Apariciones
En buena medida, y con todas las salvedades posibles, la política tiene mucho que ver con las apariciones de la Virgen sobre una zarza. Me explico. Un día de tantos, alguien anuncia que la Virgen, bajo alguna de sus múltiples advocaciones, se le ha aparecido sobre la zarza de una finca preferiblemente improductiva y sin vallar, y a ser posible cercana a un núcleo urbano, para de ese modo facilitar las futuras peregrinaciones. A poco que haya suerte, esas peregrinaciones no suelen tardar en producirse por parte de los vecinos, con la esperanza de ser testigos de una nueva aparición, posibilidad que, por desgracia, niega la estadística: con una sola aparición, el asunto va que chuta, lo que no quita que los devotos repentinos vayan allí a rezar, a pedir favores y curaciones, o tal vez simplemente a disfrutar de unos minutos de éxtasis místico, ya sea individual o —mejor aún— colectivo. Como no hace falta decir, las personas elegidas por la Virgen como beneficiarias de su aparición ascienden a la categoría de entes semidivinos mediante una especie de beatificación civil, sin necesidad de someterse a los estrictos estándares vaticanos. (Sin ir más lejos, la aparición de la Virgen a cuatro niñas en un descampado próximo al Palmar de Troya dio pie a que se armase allí la de Troya, con catedral neobarroca y papa cismático incluido). Luego viene, en fin, el negocio, que arranca con la venta de estampas y reliquias y que luego, si la cosa va bien, empieza a prosperar gracias a las donaciones de los fieles y a la Divina Providencia.

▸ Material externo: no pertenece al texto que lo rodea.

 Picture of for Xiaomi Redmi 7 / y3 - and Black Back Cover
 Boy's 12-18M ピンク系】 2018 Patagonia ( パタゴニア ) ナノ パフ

En política también cuentan mucho las apariciones: aparece de pronto un pretendiente al poder y promete no el paraíso celestial —aunque a veces también—, sino algo más tangible: el paraíso en la tierra. Se trata de una promesa difícil de cumplir, pero muy fácil de formular, que es de lo que se trata: activar la fantasía del pueblo soberano, que a menudo está predispuesto a hacer suyas las más soberanas tonterías. Al contrario que la Virgen, el aspirante al poder se hace omnipresente, para de ese modo dar cauce a su retórica publicitaria, que casi siempre lo es de redención: el denunciante del caos global que se proclama el profeta de un futuro fabuloso. De inmediato, aparecen sus fieles, convencidos de que el ejercicio de la política consiste en hacer lo que uno promete y no lo que uno buenamente puede. Pero el discurso —milagrosamente— cuela. Y no digamos si —milagrosamente— al candidato en cuestión se le aparece sobre la zarza no la Virgen, sino una bolsa con 100 000 euros. Y que no acabe la fiesta.